There's still war in this war room -- only four more rounds to go. Tomorrow we'll have in-depth writeups on last night's and today's action, but we gotta get through today first. Open thread's on the way, and down below you'll find links to load up your browser's background tabs with. This will allow you to busy yourself whenever the Browns are on the clock and ESPN's interviewing a doctor who knew the doctor who delivered the doctor who delivered a guy who knows Tebow. Pre-game:
AF: Sean Weatherspoon's official bio at atlantafalcons.com. Not much to see here -- just thought many of our members may want to keep checking back in periodically to make sure Spoon-based dreams really do come true.
- J. Mike Spoon's introductory press conference features succulent delectables like Comrade calling him a "four-down linebacker" and Smitty touting the rookie's ability to stay on the field even when the offense goes four-wide. Spoon also shares his experiences of playing quarterback, making All-District as a small forward, and being relentlessly recruited by Missouri despite having to move all over the region due to Hurricane Rita.
Yasinkas: Yasinkas goes in on the Jimmy Clausen vs. Matt Moore saga to the tune of 1,200 words. BARELY RELATED: Who should we root for? When it comes to division foes, I say we pull for whoever's the most hateable. As Clausen went to that awful school and has such a snotty gaffe of a face and is a ridiculous person, he comes with all munitions-grade Rival Disgust Fuel modules already installed.

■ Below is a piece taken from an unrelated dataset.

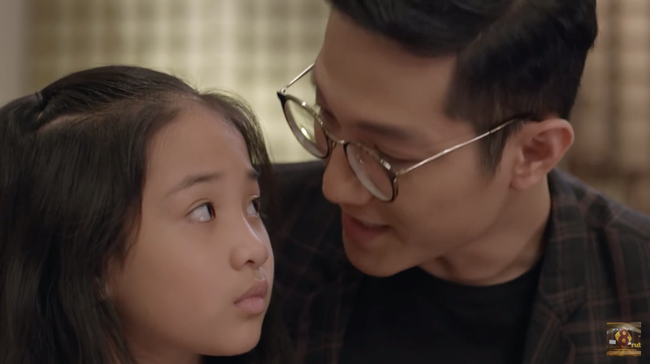 Đặt lên bàn cân so kè 4 người đàn ông không đồng đều về nhan sắc của Những cô gái trong thành phố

Moore seems like an OK guy and doesn't have an uppity little Garbage Pail Kid face. So.
Falcons Biz: Biz digs up four Spoon videos, including an eight-minute scouting report, a free-wheelin' seven-minute tour of Mizzou by Spoon himself, and -- the clear favorite -- Spoon confessing his
appreciation fondness love desire needconstant yearning for Van Halen's "Right Now."
- Arrowhead Pride: Beloved, charitable Comrade establishes covert soviet with czar of midwest worker group! Organizes coup! Tricks thirty typically foolish American sports clubs into presuming Kansas Warlords lack interest in Eric Berry, son of Golden Globe film star! All part of charming scheme by Comrade to ensure retrieving of young midwest Spoonsmith! Do not ask how this is so!
J. Mike: Did anybody make it out to Taco Mac Thursday night? Apparently they had a special Falcons-only channel supplementing Bermanspan. For those of us that somehow passed on a night slathered in $4 queso, J. Mike is nice enough to drop off all the stuff we missed out on, including video interviews with CEO, Comrade, Rich McKay, Wes Durham, and so forth. Rich McKay only available in mild, hot, and three mile island.